Barack Obama (Hawaii – 1961) and John McCain (Panama Canal Zone – 1936) are full-blooded Americans, as are Hillary Clinton, John Edwards, Bill Richardson, Joe Biden, Chris Dodd, Mike Gravel, Dennis Kucinich, Mike Huckabee, Ron Paul, Rudy Giuliani, Mitt Romney, Fred Thompson, Sam Brownback, Tom Tancredo, Duncan Hunter, Tommy Thompson, and yes, even Alan Keyes.
Whew! Well, we got that out of the way.
It’s funny coming in on a Monday and hearing about curiosities about the candidates and whether they are “full-blooded Americans,” especially when you consider where I was over the weekend: Canada.
Even when you are barely in Canada (Windsor, Ontario), there is this fascination with the differences between Canadians and Americans.
There are the obvious ones: accents, spellings of words, phrasing of words (in the U.S., you would say he’s in the 8th grade; in Canada, he is in Grade 8.) There are subtle ones: the Stanley Cup playoffs are important there; NBA basketball playoffs here. Canadians will actually queue up (get in line) for things and they do seem more polite.

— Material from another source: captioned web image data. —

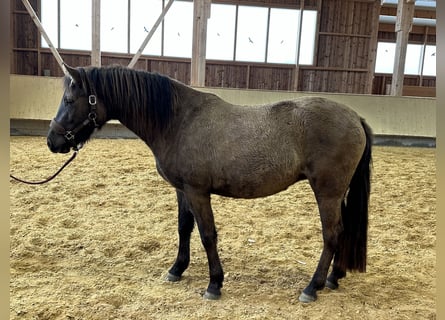 Leonharder, Klacz, 3 lat, 150 cm, Bułana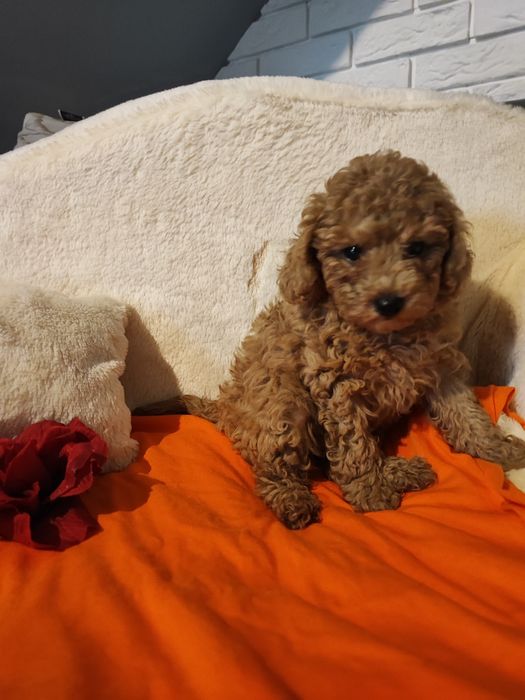 Pudel toy ostatnia suczka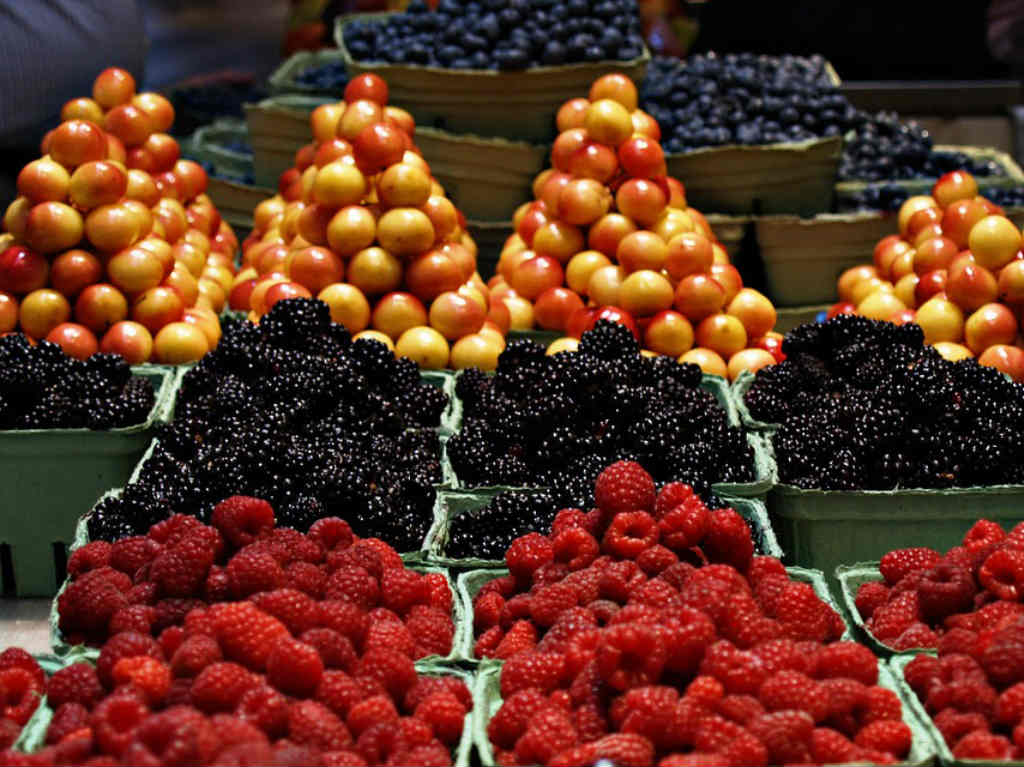 Festival Gastronómico en la Central frutas y verdura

But there is something about being in a different country that makes you feel American. I walk down the streets in Chicago and I don’t think about being an American. I walk down the streets in Windsor and I realize I am an American.
I’m certainly not the “rude American” and I use Canadian currency, even in Windsor, where American money is welcome. But when I watch Canadians up close, and even though I love Canada and Canadians, I know deep down inside I’m an American.
But we all realize that for 24-year-old Josh Fry of West Virginia, “full-blooded American” means something different. And on that long list up at the top, some of them qualify in the mind of Josh Fry and some of them don’t.
I know I have distant cousins in West Virginia, and relatives scattered throughout Appalachia, such as Western Virginia and Kentucky. I’ve been to Kentucky numerous times.
And you know what: some of these people aren’t going to vote for Barack Obama, even if he is the best candidate to address their needs. They live in some of the poorest areas of the country, and they might vote for a guy who admits “I know a lot less about economics than I do about military and foreign policy issues.” And we’ve seen how much he knows about Iraq these days.
But hacks such as Kathleen Parker are obsessed with people such as Josh Fry and his search for a candidate with “blood equity, heritage and commitment to hard-won American values.”
Sadly, it does seem to be American to drift to the level of the lowest common denominator. We do that with our education system (No Child Left Behind). We do that with our television (Farmer Wants a Wife). We find the least-educated, least-knowledgable people and hold them up as the standard that our politicians should appeal to, and they should do it in a way that insults everyone else.
It’s funny when you are in Canada that the way they approach things does have a “heritage and commitment to hard-won American values.” Take care of your fellow citizens. Make sure those of all races, creeds, and colors have opportunities to contribute to the fabric of society. Work hard and you can get somewhere. These are Canadian values, and they are also American values. Full-blooded American values.